I met a woman in an online bereavement forum who lost her husband of 30 years. She insisted she would never be interested in another man, so we became friends. When we finally met in person, we held hands all day and slept in the same hotel bed at night. We kissed and cuddled but did not have sex, because she said it was cheating on her husband. I unintentionally made her cry by describing him as dead. She prefers “transitioned.” Her spirituality is one of the things I love. She wants me to consider moving near her Long Island home. I feel that when a man loves a woman, he needs to make love to her. This completes the relationship and is very beautiful. She won’t be intimate, yet declares her love for me daily. I love her too much to pressure her. I am too young to spend the rest of my life in a sexless relationship. How will I know when it is time to move on?
Friendship is defined as a relationship of nonsexual affection, actions that express care for the other and mutual disclosure of thoughts, feelings and experiences. That’s what you and this woman share: friendship. She has been clear from the start that her interest in you (and every other man) is platonic. Why do you resist hearing her honest words? Why believe that her explicit boundary is malleable? A night or more of cuddling and kissing is not evidence that she might alter her values. Hugging and kissing could represent the physical comfort she has missed since the death of her husband.
You can gamble on the possibility that her belief system will invert itself. Or you can believe that she is capable of telling you the truth when she says, “I will not let myself love another man.” Oh, yes, I know she tells you that she loves you. And she does love you, but as a pal, not as a partner.

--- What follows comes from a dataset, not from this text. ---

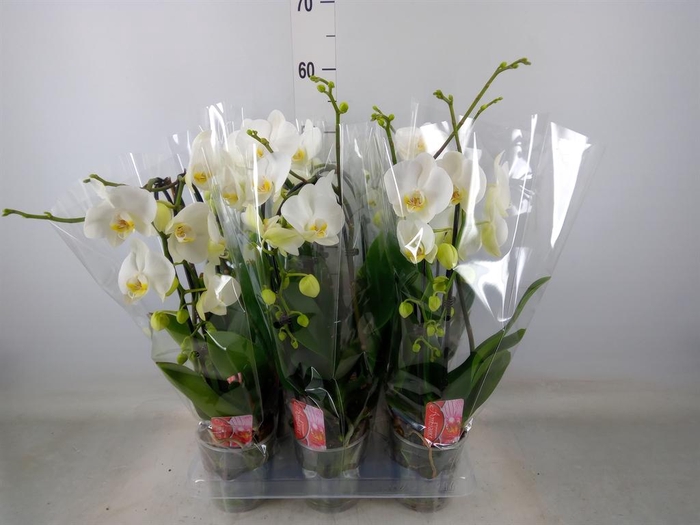 <h4>Phalaenopsis  'Elegant Cascade'</h4>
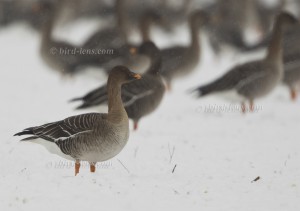 Tundra Bean Goose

If you choose to withdraw from this relationship, it will be like kicking nicotine. You will decide to take a break from each other. You will promise yourself that you will not call her. You will imagine that this gives her time to miss you and to appreciate all that you could offer her. Three days later, you will convince yourself of the need to make just one call to check on her. This will resuscitate the old cycle: talking to each other daily and professing your love; meeting occasionally for a few days of fun; hoping she will change her mind, knowing that means she has compromised her values. The cycle of quitting cold turkey, talking yourself into reconnecting with her and then feeling hopeful, just postpones the inevitable pain of loss.
Expect an echo from your past. Profound loss in the present reverberates through every other unresolved loss in a person’s life. If old wounds hurt again, it’s not a sign your friend was “the one.” It is a sign that you are carrying unresolved grief, and it’s an invitation to heal from that pain. Begin by appreciating solitude, practicing meditation and seeing a counselor.
Let me be clear: I am not advocating this woman’s belief system, nor am I criticizing it. I am pointing out that she is convinced that there is only one man for her for in this lifetime and for eternity. That belief is central to her spirituality. Where does all of this leave you? With a fresh, reality-based perspective on love! So, yes, forget who you hope she will become—the woman she is now, that is who she truly is. Knowing this, how will you choose to tend your heart?